Required action:
Your reply must consist of the data below, reproduced character for character.
Top of Data to examine
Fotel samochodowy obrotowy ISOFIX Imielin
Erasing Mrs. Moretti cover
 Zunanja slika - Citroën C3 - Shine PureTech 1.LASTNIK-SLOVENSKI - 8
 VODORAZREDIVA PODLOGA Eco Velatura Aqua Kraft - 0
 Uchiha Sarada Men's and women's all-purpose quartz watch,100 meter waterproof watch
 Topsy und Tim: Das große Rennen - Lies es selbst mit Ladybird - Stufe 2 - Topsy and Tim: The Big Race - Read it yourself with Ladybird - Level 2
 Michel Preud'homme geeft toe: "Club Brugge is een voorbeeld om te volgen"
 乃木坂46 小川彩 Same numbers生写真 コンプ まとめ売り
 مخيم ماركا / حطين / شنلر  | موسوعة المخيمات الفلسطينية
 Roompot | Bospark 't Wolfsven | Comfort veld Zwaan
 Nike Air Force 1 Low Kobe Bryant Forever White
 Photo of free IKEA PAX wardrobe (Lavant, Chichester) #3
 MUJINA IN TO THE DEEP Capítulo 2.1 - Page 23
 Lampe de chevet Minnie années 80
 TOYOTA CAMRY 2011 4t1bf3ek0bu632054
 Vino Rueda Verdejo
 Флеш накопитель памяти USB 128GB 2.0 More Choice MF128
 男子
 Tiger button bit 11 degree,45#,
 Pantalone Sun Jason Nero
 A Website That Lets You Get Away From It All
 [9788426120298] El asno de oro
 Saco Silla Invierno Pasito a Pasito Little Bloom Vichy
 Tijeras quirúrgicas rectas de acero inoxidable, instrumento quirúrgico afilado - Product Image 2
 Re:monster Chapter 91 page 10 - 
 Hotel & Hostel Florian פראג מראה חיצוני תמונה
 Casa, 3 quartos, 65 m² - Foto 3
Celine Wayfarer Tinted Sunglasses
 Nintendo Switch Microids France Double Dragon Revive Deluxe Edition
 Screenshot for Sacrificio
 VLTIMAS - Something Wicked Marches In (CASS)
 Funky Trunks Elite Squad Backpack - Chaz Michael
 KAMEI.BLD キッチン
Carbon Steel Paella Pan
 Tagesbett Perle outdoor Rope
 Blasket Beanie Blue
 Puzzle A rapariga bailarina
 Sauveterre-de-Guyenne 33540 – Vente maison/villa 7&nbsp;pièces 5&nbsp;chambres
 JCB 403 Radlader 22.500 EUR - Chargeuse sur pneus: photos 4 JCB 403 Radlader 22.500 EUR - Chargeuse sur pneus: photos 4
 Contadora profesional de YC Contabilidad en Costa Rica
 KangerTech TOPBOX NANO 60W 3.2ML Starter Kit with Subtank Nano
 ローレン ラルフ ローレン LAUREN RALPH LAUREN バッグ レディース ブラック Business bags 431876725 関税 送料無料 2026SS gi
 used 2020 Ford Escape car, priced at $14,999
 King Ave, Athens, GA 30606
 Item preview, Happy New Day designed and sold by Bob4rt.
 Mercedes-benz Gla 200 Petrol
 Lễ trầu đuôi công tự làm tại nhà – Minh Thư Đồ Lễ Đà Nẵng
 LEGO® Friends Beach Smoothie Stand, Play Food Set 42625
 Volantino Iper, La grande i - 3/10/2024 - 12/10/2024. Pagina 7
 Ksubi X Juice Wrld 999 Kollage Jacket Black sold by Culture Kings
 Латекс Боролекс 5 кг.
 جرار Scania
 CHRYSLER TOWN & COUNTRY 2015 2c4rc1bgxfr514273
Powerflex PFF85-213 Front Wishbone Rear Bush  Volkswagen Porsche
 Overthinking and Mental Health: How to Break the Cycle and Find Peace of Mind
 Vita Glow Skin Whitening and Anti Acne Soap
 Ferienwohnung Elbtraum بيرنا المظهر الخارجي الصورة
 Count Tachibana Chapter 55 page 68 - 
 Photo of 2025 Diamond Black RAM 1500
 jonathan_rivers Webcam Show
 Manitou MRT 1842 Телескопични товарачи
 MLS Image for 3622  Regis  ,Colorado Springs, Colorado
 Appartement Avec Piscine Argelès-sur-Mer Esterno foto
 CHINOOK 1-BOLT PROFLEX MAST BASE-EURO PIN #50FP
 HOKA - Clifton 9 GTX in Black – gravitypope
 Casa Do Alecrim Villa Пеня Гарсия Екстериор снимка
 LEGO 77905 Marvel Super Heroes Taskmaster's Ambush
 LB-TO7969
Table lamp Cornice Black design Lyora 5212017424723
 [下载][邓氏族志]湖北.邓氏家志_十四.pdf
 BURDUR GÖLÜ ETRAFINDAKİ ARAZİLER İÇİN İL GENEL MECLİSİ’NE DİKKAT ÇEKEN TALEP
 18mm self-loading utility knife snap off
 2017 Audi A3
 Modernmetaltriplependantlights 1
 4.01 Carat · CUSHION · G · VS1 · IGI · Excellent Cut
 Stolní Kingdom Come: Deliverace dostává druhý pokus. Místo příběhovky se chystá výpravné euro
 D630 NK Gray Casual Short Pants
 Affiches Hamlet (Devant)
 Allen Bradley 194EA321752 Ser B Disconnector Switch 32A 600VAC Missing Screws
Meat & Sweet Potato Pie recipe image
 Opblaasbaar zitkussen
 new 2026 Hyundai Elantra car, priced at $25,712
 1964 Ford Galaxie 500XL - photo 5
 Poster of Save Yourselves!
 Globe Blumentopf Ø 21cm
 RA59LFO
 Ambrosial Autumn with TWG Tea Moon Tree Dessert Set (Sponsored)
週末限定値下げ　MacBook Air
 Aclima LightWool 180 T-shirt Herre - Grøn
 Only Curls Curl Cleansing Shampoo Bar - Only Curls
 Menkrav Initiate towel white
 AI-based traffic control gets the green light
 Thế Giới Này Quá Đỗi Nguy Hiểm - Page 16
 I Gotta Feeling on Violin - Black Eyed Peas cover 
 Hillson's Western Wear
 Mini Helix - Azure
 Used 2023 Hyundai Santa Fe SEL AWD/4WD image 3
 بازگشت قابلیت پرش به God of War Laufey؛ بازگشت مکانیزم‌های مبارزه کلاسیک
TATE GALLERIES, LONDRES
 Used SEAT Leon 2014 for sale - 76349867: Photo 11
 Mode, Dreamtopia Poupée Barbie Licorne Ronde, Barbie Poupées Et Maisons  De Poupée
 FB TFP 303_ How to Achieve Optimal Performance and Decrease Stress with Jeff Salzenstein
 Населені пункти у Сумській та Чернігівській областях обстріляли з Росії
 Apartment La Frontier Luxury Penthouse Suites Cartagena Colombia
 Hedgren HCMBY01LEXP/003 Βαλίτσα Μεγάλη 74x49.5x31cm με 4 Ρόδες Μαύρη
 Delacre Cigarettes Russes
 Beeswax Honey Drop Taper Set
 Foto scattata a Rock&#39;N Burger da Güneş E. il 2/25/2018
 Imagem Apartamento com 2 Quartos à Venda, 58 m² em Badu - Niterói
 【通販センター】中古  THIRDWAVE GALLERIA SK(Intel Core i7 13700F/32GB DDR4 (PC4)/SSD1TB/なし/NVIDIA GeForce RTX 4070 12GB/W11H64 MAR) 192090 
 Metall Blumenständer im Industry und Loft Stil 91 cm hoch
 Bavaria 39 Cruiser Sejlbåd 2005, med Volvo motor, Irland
Bottom of Data to examine
Answer to this problem:
Fotel samochodowy obrotowy ISOFIX Imielin
Erasing Mrs. Moretti cover
 Zunanja slika - Citroën C3 - Shine PureTech 1.LASTNIK-SLOVENSKI - 8
 VODORAZREDIVA PODLOGA Eco Velatura Aqua Kraft - 0
 Uchiha Sarada Men's and women's all-purpose quartz watch,100 meter waterproof watch
 Topsy und Tim: Das große Rennen - Lies es selbst mit Ladybird - Stufe 2 - Topsy and Tim: The Big Race - Read it yourself with Ladybird - Level 2
 Michel Preud'homme geeft toe: "Club Brugge is een voorbeeld om te volgen"
 乃木坂46 小川彩 Same numbers生写真 コンプ まとめ売り
 مخيم ماركا / حطين / شنلر  | موسوعة المخيمات الفلسطينية
 Roompot | Bospark 't Wolfsven | Comfort veld Zwaan
 Nike Air Force 1 Low Kobe Bryant Forever White
 Photo of free IKEA PAX wardrobe (Lavant, Chichester) #3
 MUJINA IN TO THE DEEP Capítulo 2.1 - Page 23
 Lampe de chevet Minnie années 80
 TOYOTA CAMRY 2011 4t1bf3ek0bu632054
 Vino Rueda Verdejo
 Флеш накопитель памяти USB 128GB 2.0 More Choice MF128
 男子
 Tiger button bit 11 degree,45#,
 Pantalone Sun Jason Nero
 A Website That Lets You Get Away From It All
 [9788426120298] El asno de oro
 Saco Silla Invierno Pasito a Pasito Little Bloom Vichy
 Tijeras quirúrgicas rectas de acero inoxidable, instrumento quirúrgico afilado - Product Image 2
 Re:monster Chapter 91 page 10 - 
 Hotel & Hostel Florian פראג מראה חיצוני תמונה
 Casa, 3 quartos, 65 m² - Foto 3
Celine Wayfarer Tinted Sunglasses
 Nintendo Switch Microids France Double Dragon Revive Deluxe Edition
 Screenshot for Sacrificio
 VLTIMAS - Something Wicked Marches In (CASS)
 Funky Trunks Elite Squad Backpack - Chaz Michael
 KAMEI.BLD キッチン
Carbon Steel Paella Pan
 Tagesbett Perle outdoor Rope
 Blasket Beanie Blue
 Puzzle A rapariga bailarina
 Sauveterre-de-Guyenne 33540 – Vente maison/villa 7&nbsp;pièces 5&nbsp;chambres
 JCB 403 Radlader 22.500 EUR - Chargeuse sur pneus: photos 4 JCB 403 Radlader 22.500 EUR - Chargeuse sur pneus: photos 4
 Contadora profesional de YC Contabilidad en Costa Rica
 KangerTech TOPBOX NANO 60W 3.2ML Starter Kit with Subtank Nano
 ローレン ラルフ ローレン LAUREN RALPH LAUREN バッグ レディース ブラック Business bags 431876725 関税 送料無料 2026SS gi
 used 2020 Ford Escape car, priced at $14,999
 King Ave, Athens, GA 30606
 Item preview, Happy New Day designed and sold by Bob4rt.
 Mercedes-benz Gla 200 Petrol
 Lễ trầu đuôi công tự làm tại nhà – Minh Thư Đồ Lễ Đà Nẵng
 LEGO® Friends Beach Smoothie Stand, Play Food Set 42625
 Volantino Iper, La grande i - 3/10/2024 - 12/10/2024. Pagina 7
 Ksubi X Juice Wrld 999 Kollage Jacket Black sold by Culture Kings
 Латекс Боролекс 5 кг.
 جرار Scania
 CHRYSLER TOWN & COUNTRY 2015 2c4rc1bgxfr514273
Powerflex PFF85-213 Front Wishbone Rear Bush  Volkswagen Porsche
 Overthinking and Mental Health: How to Break the Cycle and Find Peace of Mind
 Vita Glow Skin Whitening and Anti Acne Soap
 Ferienwohnung Elbtraum بيرنا المظهر الخارجي الصورة
 Count Tachibana Chapter 55 page 68 - 
 Photo of 2025 Diamond Black RAM 1500
 jonathan_rivers Webcam Show
 Manitou MRT 1842 Телескопични товарачи
 MLS Image for 3622  Regis  ,Colorado Springs, Colorado
 Appartement Avec Piscine Argelès-sur-Mer Esterno foto
 CHINOOK 1-BOLT PROFLEX MAST BASE-EURO PIN #50FP
 HOKA - Clifton 9 GTX in Black – gravitypope
 Casa Do Alecrim Villa Пеня Гарсия Екстериор снимка
 LEGO 77905 Marvel Super Heroes Taskmaster's Ambush
 LB-TO7969
Table lamp Cornice Black design Lyora 5212017424723
 [下载][邓氏族志]湖北.邓氏家志_十四.pdf
 BURDUR GÖLÜ ETRAFINDAKİ ARAZİLER İÇİN İL GENEL MECLİSİ’NE DİKKAT ÇEKEN TALEP
 18mm self-loading utility knife snap off
 2017 Audi A3
 Modernmetaltriplependantlights 1
 4.01 Carat · CUSHION · G · VS1 · IGI · Excellent Cut
 Stolní Kingdom Come: Deliverace dostává druhý pokus. Místo příběhovky se chystá výpravné euro
 D630 NK Gray Casual Short Pants
 Affiches Hamlet (Devant)
 Allen Bradley 194EA321752 Ser B Disconnector Switch 32A 600VAC Missing Screws
Meat & Sweet Potato Pie recipe image
 Opblaasbaar zitkussen
 new 2026 Hyundai Elantra car, priced at $25,712
 1964 Ford Galaxie 500XL - photo 5
 Poster of Save Yourselves!
 Globe Blumentopf Ø 21cm
 RA59LFO
 Ambrosial Autumn with TWG Tea Moon Tree Dessert Set (Sponsored)
週末限定値下げ　MacBook Air
 Aclima LightWool 180 T-shirt Herre - Grøn
 Only Curls Curl Cleansing Shampoo Bar - Only Curls
 Menkrav Initiate towel white
 AI-based traffic control gets the green light
 Thế Giới Này Quá Đỗi Nguy Hiểm - Page 16
 I Gotta Feeling on Violin - Black Eyed Peas cover 
 Hillson's Western Wear
 Mini Helix - Azure
 Used 2023 Hyundai Santa Fe SEL AWD/4WD image 3
 بازگشت قابلیت پرش به God of War Laufey؛ بازگشت مکانیزم‌های مبارزه کلاسیک
TATE GALLERIES, LONDRES
 Used SEAT Leon 2014 for sale - 76349867: Photo 11
 Mode, Dreamtopia Poupée Barbie Licorne Ronde, Barbie Poupées Et Maisons  De Poupée
 FB TFP 303_ How to Achieve Optimal Performance and Decrease Stress with Jeff Salzenstein
 Населені пункти у Сумській та Чернігівській областях обстріляли з Росії
 Apartment La Frontier Luxury Penthouse Suites Cartagena Colombia
 Hedgren HCMBY01LEXP/003 Βαλίτσα Μεγάλη 74x49.5x31cm με 4 Ρόδες Μαύρη
 Delacre Cigarettes Russes
 Beeswax Honey Drop Taper Set
 Foto scattata a Rock&#39;N Burger da Güneş E. il 2/25/2018
 Imagem Apartamento com 2 Quartos à Venda, 58 m² em Badu - Niterói
 【通販センター】中古  THIRDWAVE GALLERIA SK(Intel Core i7 13700F/32GB DDR4 (PC4)/SSD1TB/なし/NVIDIA GeForce RTX 4070 12GB/W11H64 MAR) 192090 
 Metall Blumenständer im Industry und Loft Stil 91 cm hoch
 Bavaria 39 Cruiser Sejlbåd 2005, med Volvo motor, Irland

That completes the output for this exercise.